*Provided material*:
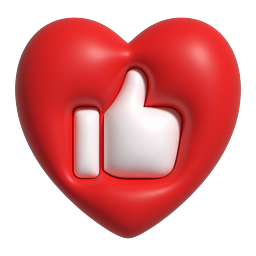 Love Thumbs Up Heart Icon - 3D Social Media Symbol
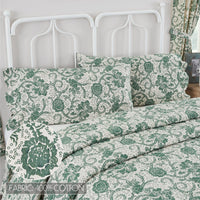 Thumbnail for Dorset Green Floral Ruffled King Pillow Case Set of 2 21x36+4 VHC Brands - The Fox Decor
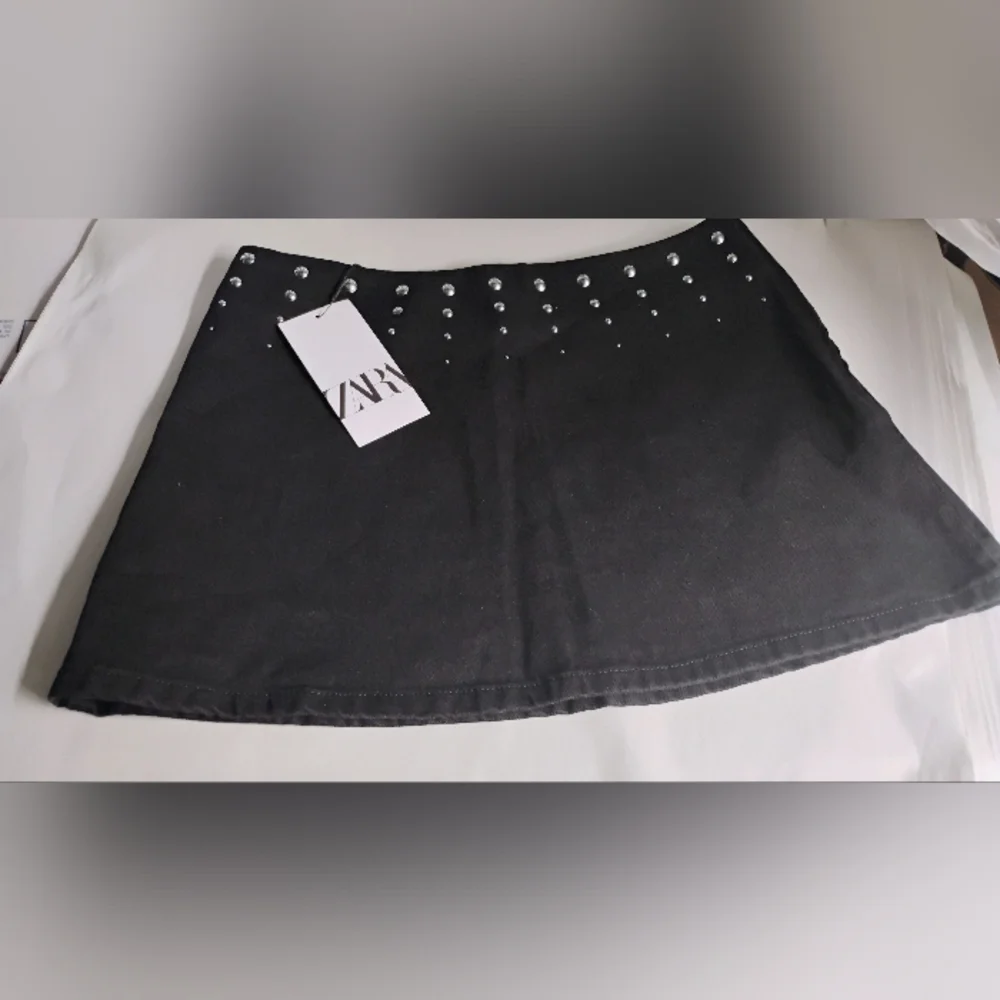 Zara Denim Black Studded Skirt - Picture 6 of 6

*Problem statement*: Line by line, return the listing above exactly, dropping every picture.

*Task output*:
 Love Thumbs Up Heart Icon - 3D Social Media Symbol
 Thumbnail for Dorset Green Floral Ruffled King Pillow Case Set of 2 21x36+4 VHC Brands - The Fox Decor
 Zara Denim Black Studded Skirt - Picture 6 of 6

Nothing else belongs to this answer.